La messe me parut interminable. Étant petit, je pouvais m'endormir dans les bras de ma mère sans avoir de problèmes. Mais maintenant que j'étais plus âgé, il fallait que je sois attentif. Même si tout ceci ne me passionnait pas plus que ça. Je baillai une fois en faisant un peu de bruit et un vieux monsieur se tourna vers moi en me jetant un regard noir. Penaud, je me ramassai sur moi-même et me collai contre ma mère. Le vieux monsieur se détourna ensuite pour continuer d'écouter la messe. Moi, je sentis le sommeil m'assaillir à nouveau tandis que je baissais ma vigilance sans m'en rendre compte.

Un quart d'heure plus tard, je somnolais vaguement et de la bave pendait mollement de ma bouche. Toujours contre ma mère, je me mis à pencher vers l'avant de plus en plus dangereusement. Engourdie par l'attention qu'elle prêtait à la messe, ma mère ne fit pas attention. Et ce qui devait arriver arriva. Je tombai la tête la première sur le sol de l'église dans un grand bruit.

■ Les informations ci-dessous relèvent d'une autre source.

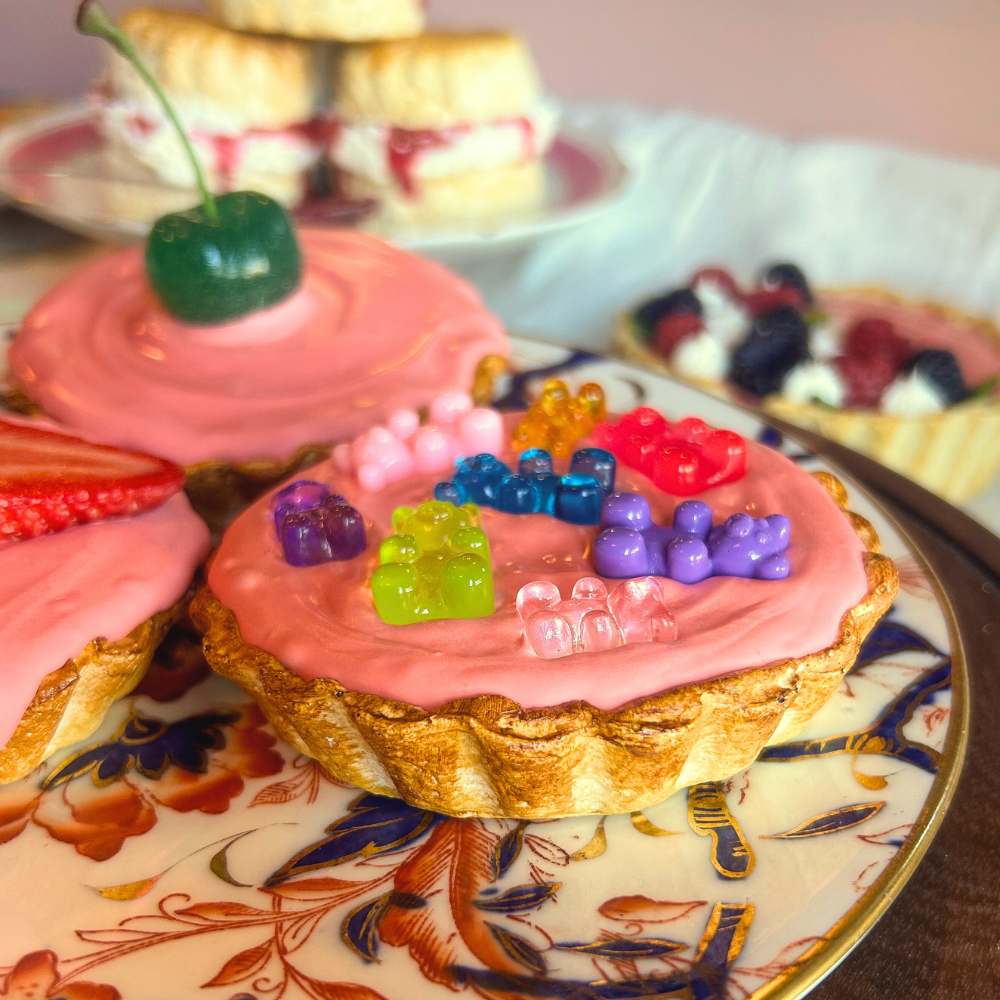 Set of 3 Fun Pink Custard Tarts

Tout le monde se retourna vivement vers moi et ma mère qui m'aidait à me relever comme elle pouvait. Le genou un peu égratigné par la pierre dure, je me redressai piteusement et dus faire face aux regards chargés de tout le village. Quelques uns paraissaient s'amuser de la situation quand d'autres me fusillaient littéralement des yeux. Ma mère, pas gênée pour deux sous, se leva pour se mettre à côté de moi.

« Cessez donc de regarder mon fils comme ça, déclara-t-elle d'une voix claire mais pas agressive pour deux sous, il n'a rien fait de mal. Retournez donc à votre messe.

-Tu devrais respecter un peu mieux le bon Dieu, femme, rétorqua un homme dans les rangs devant nous. »

Ma mère posa aussitôt ses mains sur mes oreilles pour que je n'entendes rien de ce qui allait suivre. Je réussis néanmoins à percevoir des bribes du discours qu'elle fit à la foule. Je compris donc « Dieu », « mari », « pas vos affaires » et une insulte que je ne saisis pas tout à fait bien sur le moment.

Tout le monde se retourna finalement et la messe reprit tandis que ma mère me prenait sur ses genoux après s'être rassise. Elle affichait à nouveau le même sourire qu'à mon réveil. Un sourire joyeux et léger. Un sourire que j'avais vu disparaître quelques instants plus tôt derrière un masque de rage et de peine mal contenues. J'avais rarement vu maman aussi énervée...Mais, en cet instant, je pensai simplement qu'elle avait voulu me défendre et que tout ceci était plus ou moins normal. Je ne savais encore pas grand chose du monde des Hommes.